■ TASK ITEM: Your task is to copy the records that follow exactly, minus any images.
*** Opening of SUPPLIED MATERIAL ***
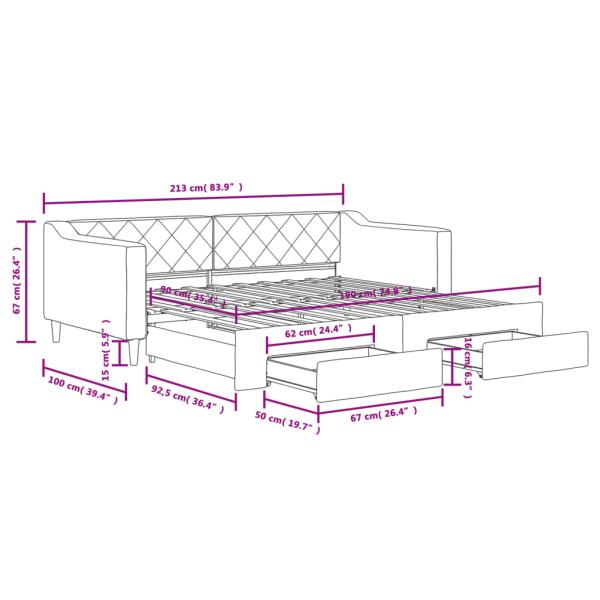 Tagesbett Ausziehbar mit Schubladen Hellgrau 90x190 cm Stoff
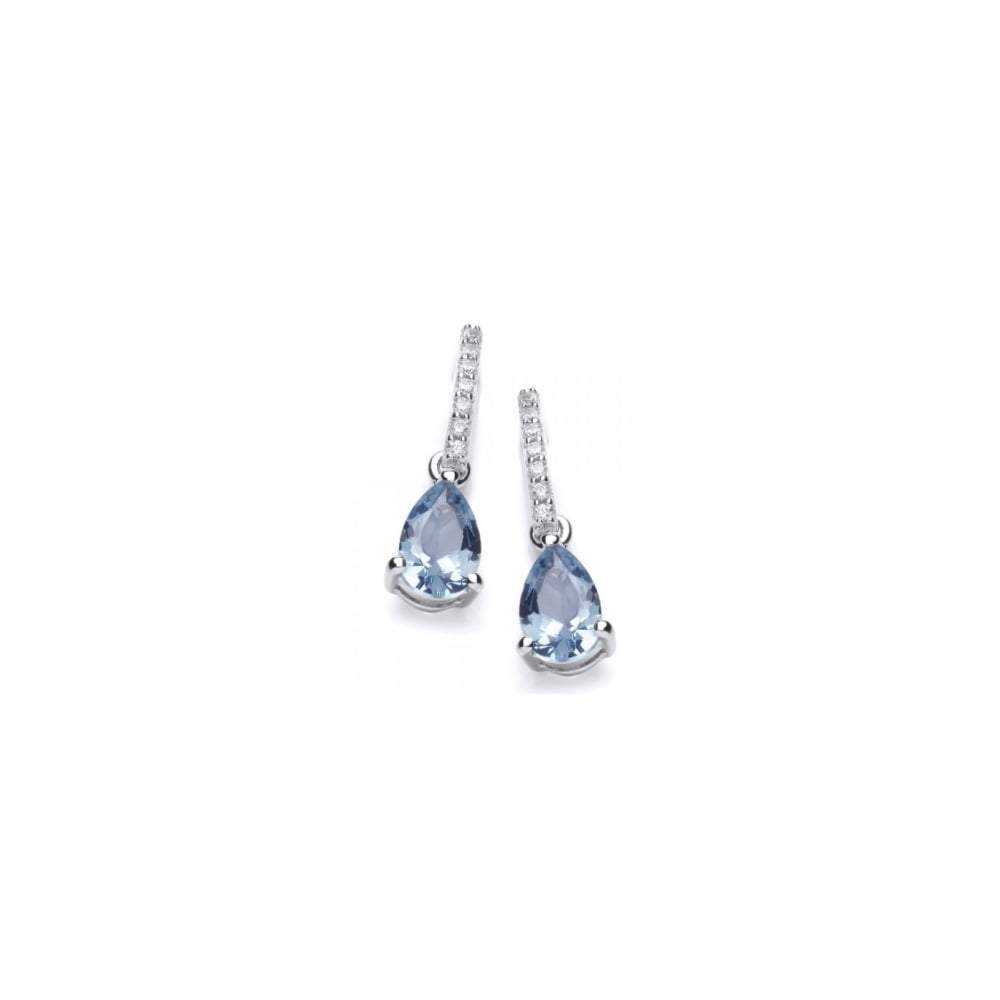 Silver aqua CZ glamour teardrop earrings Earrings Rock Lobster Jewellery   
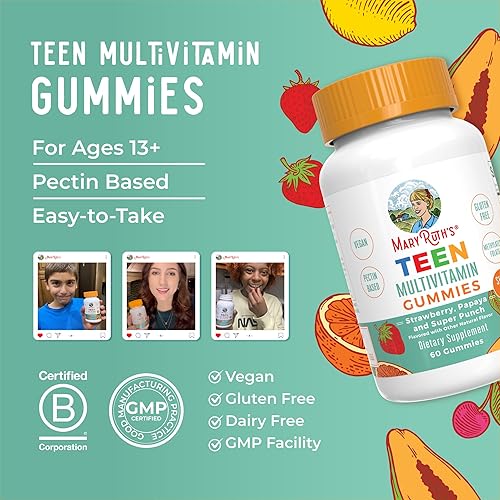 Miniatura 8 de Mary Ruth Multivitamínico para adolescentes sin azúcar gomitas multivitamínicas para adolescentes a partir de 13 años vitamina C vitamina D y E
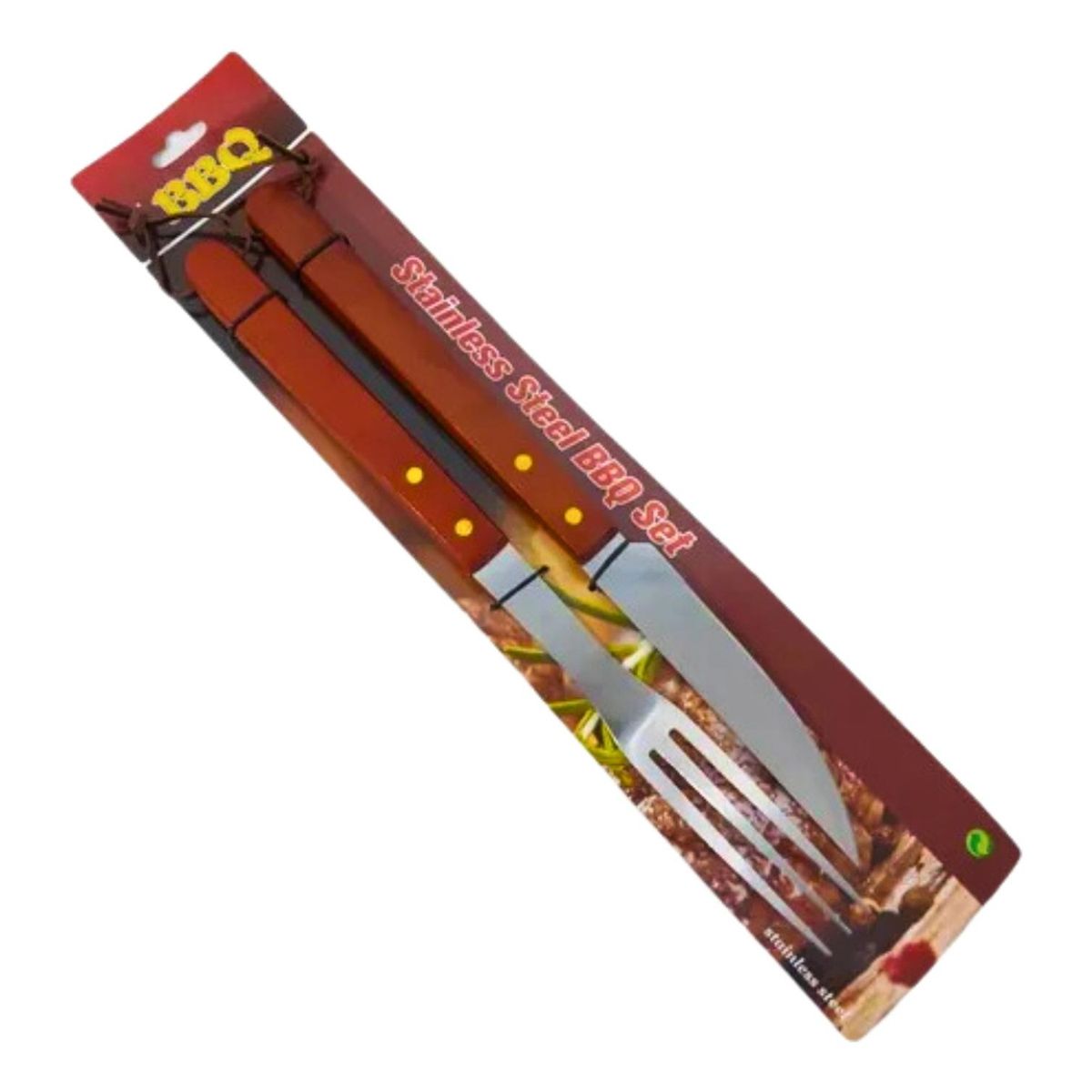 IMPORTCLICK - Set Asado Parrilla 2 Piezas Acero Inoxidable Madera - Café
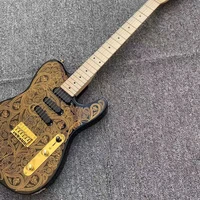 classic electric guitar golden decalssingle coil pickupsalder wood body maple fingerboard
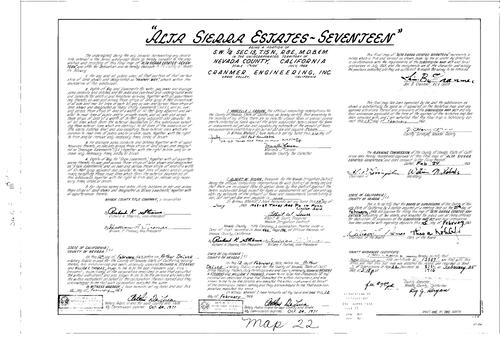 Click to see Subdivision Book 3, pg. 22 (1969) of Nevada County Recorders Subdivision Maps Book 3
*** Close of SUPPLIED MATERIAL ***
■ ANSWER TO THIS EXERCISE:
 Tagesbett Ausziehbar mit Schubladen Hellgrau 90x190 cm Stoff
 Silver aqua CZ glamour teardrop earrings Earrings Rock Lobster Jewellery   
 Miniatura 8 de Mary Ruth Multivitamínico para adolescentes sin azúcar gomitas multivitamínicas para adolescentes a partir de 13 años vitamina C vitamina D y E
 IMPORTCLICK - Set Asado Parrilla 2 Piezas Acero Inoxidable Madera - Café
 classic electric guitar golden decalssingle coil pickupsalder wood body maple fingerboard
 Click to see Subdivision Book 3, pg. 22 (1969) of Nevada County Recorders Subdivision Maps Book 3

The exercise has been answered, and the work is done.